▶ [Task statement] Where "investigación" occurs in a line of the entries below, copy that line.

▶ [Given information]
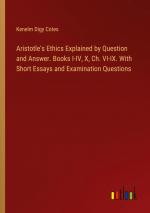 Aristotle's Ethics Explained by Question and Answer. Books I-IV, X, Ch. VI-IX. With Short Essays and Examination Questions / Kenelm Digy Cotes / Taschenbuch / Paperback / Englisch / 2024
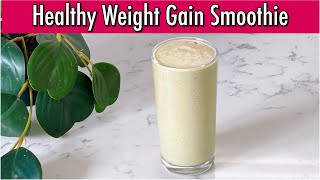 HEALTHY WEIGHT GAIN SMOOTHIE | HIGHLY NUTRITIOUS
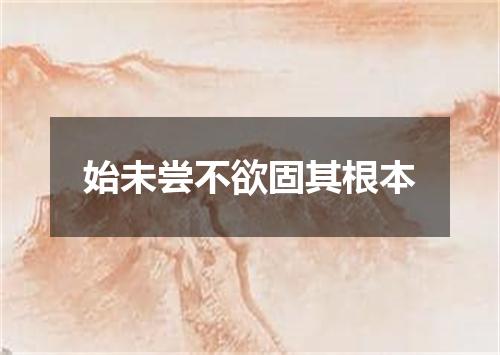 始未尝不欲固其根本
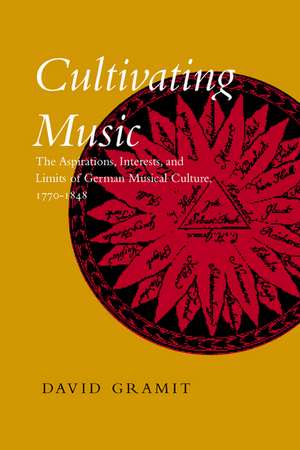 Cultivating Music – The Aspirations, Interests & Limits of German Musical Culture 1770–1848 de David Gramit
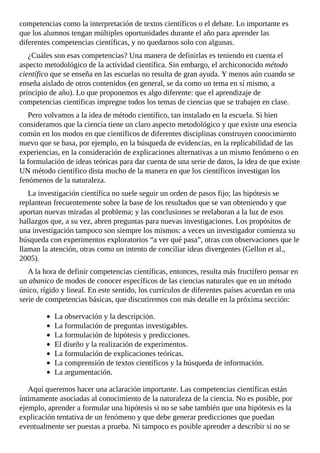 competencias	como	la	interpretación	de	textos	científicos	o	el	debate.	Lo	importante	es
que	los	alumnos	tengan	múltiples	oportunidades	durante	el	año	para	aprender	las
diferentes	competencias	científicas,	y	no	quedarnos	solo	con	algunas.
¿Cuáles	son	esas	competencias?	Una	manera	de	definirlas	es	teniendo	en	cuenta	el
aspecto	metodológico	de	la	actividad	científica.	Sin	embargo,	el	archiconocido	método
científico	que	se	enseña	en	las	escuelas	no	resulta	de	gran	ayuda.	Y	menos	aún	cuando	se
enseña	aislado	de	otros	contenidos	(en	general,	se	da	como	un	tema	en	sí	mismo,	a
principio	de	año).	Lo	que	proponemos	es	algo	diferente:	que	el	aprendizaje	de
competencias	científicas	impregne	todos	los	temas	de	ciencias	que	se	trabajen	en	clase.
Pero	volvamos	a	la	idea	de	método	científico,	tan	instalado	en	la	escuela.	Si	bien
consideramos	que	la	ciencia	tiene	un	claro	aspecto	metodológico	y	que	existe	una	esencia
común	en	los	modos	en	que	científicos	de	diferentes	disciplinas	construyen	conocimiento
nuevo	que	se	basa,	por	ejemplo,	en	la	búsqueda	de	evidencias,	en	la	replicabilidad	de	las
experiencias,	en	la	consideración	de	explicaciones	alternativas	a	un	mismo	fenómeno	o	en
la	formulación	de	ideas	teóricas	para	dar	cuenta	de	una	serie	de	datos,	la	idea	de	que	existe
UN	método	científico	dista	mucho	de	la	manera	en	que	los	científicos	investigan	los
fenómenos	de	la	naturaleza.
La	investigación	científica	no	suele	seguir	un	orden	de	pasos	fijo;	las	hipótesis	se
replantean	frecuentemente	sobre	la	base	de	los	resultados	que	se	van	obteniendo	y	que
aportan	nuevas	miradas	al	problema;	y	las	conclusiones	se	reelaboran	a	la	luz	de	esos
hallazgos	que,	a	su	vez,	abren	preguntas	para	nuevas	investigaciones.	Los	propósitos	de
una	investigación	tampoco	son	siempre	los	mismos:	a	veces	un	investigador	comienza	su
búsqueda	con	experimentos	exploratorios	“a	ver	qué	pasa”,	otras	con	observaciones	que	le
llaman	la	atención,	otras	como	un	intento	de	conciliar	ideas	divergentes	(Gellon	et	al.,
2005).
A	la	hora	de	definir	competencias	científicas,	entonces,	resulta	más	fructífero	pensar	en
un	abanico	de	modos	de	conocer	específicos	de	las	ciencias	naturales	que	en	un	método
único,	rígido	y	lineal.	En	este	sentido,	los	currículos	de	diferentes	países	acuerdan	en	una
serie	de	competencias	básicas,	que	discutiremos	con	más	detalle	en	la	próxima	sección:
La	observación	y	la	descripción.
La	formulación	de	preguntas	investigables.
La	formulación	de	hipótesis	y	predicciones.
El	diseño	y	la	realización	de	experimentos.
La	formulación	de	explicaciones	teóricas.
La	comprensión	de	textos	científicos	y	la	búsqueda	de	información.
La	argumentación.
Aquí	queremos	hacer	una	aclaración	importante.	Las	competencias	científicas	están
íntimamente	asociadas	al	conocimiento	de	la	naturaleza	de	la	ciencia.	No	es	posible,	por
ejemplo,	aprender	a	formular	una	hipótesis	si	no	se	sabe	también	que	una	hipótesis	es	la
explicación	tentativa	de	un	fenómeno	y	que	debe	generar	predicciones	que	puedan
eventualmente	ser	puestas	a	prueba.	Ni	tampoco	es	posible	aprender	a	describir	si	no	se
 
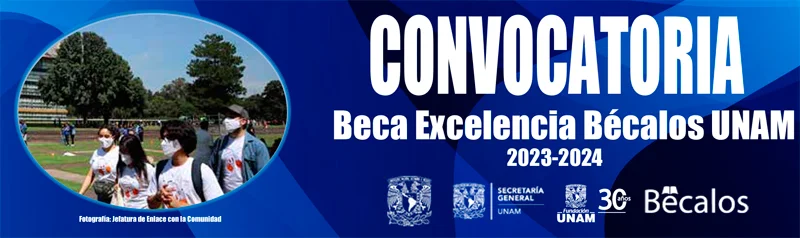 Becas UNAM de Excelencia Bécalos Licenciatura, 2023-2024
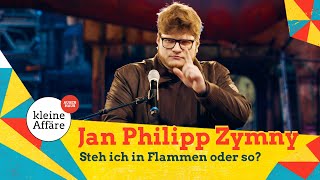 Jan Philipp Zymny – Steh ich in Flammen oder so?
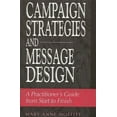thumbnail image 1 of Campaign Strategies and Message Design: A Practitioner's Guide from Start to Finish, (Paperback), 1 of 1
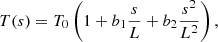 $$ \begin{aligned} T(s) = T_{0}\left(1+b_1\frac{s}{L}+b_2\frac{s^2}{L^2}\right), \end{aligned} $$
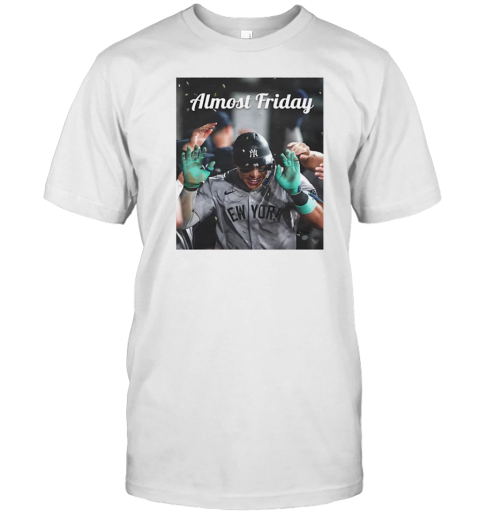 Aaron Judge 300 Home Runs Almost Friday T-Shirt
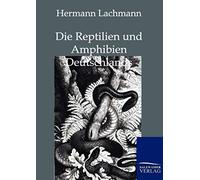 Die Reptilien Und Amphibien Deutschlands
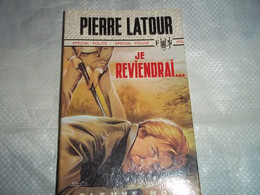 Je Reviendrai Par Pierre Latour - Fleuve Noir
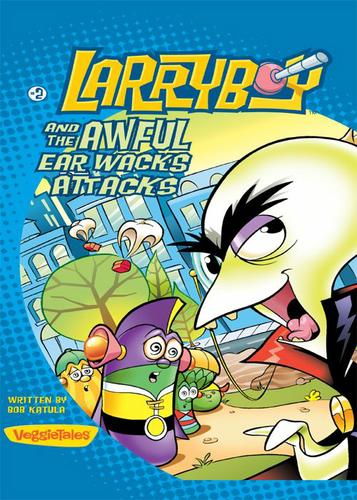 Cover image for LarryBoy and the Awful Ear Wacks Attacks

▶ [Response below]
La	investigación	científica	no	suele	seguir	un	orden	de	pasos	fijo;	las	hipótesis	se
una	investigación	tampoco	son	siempre	los	mismos:	a	veces	un	investigador	comienza	su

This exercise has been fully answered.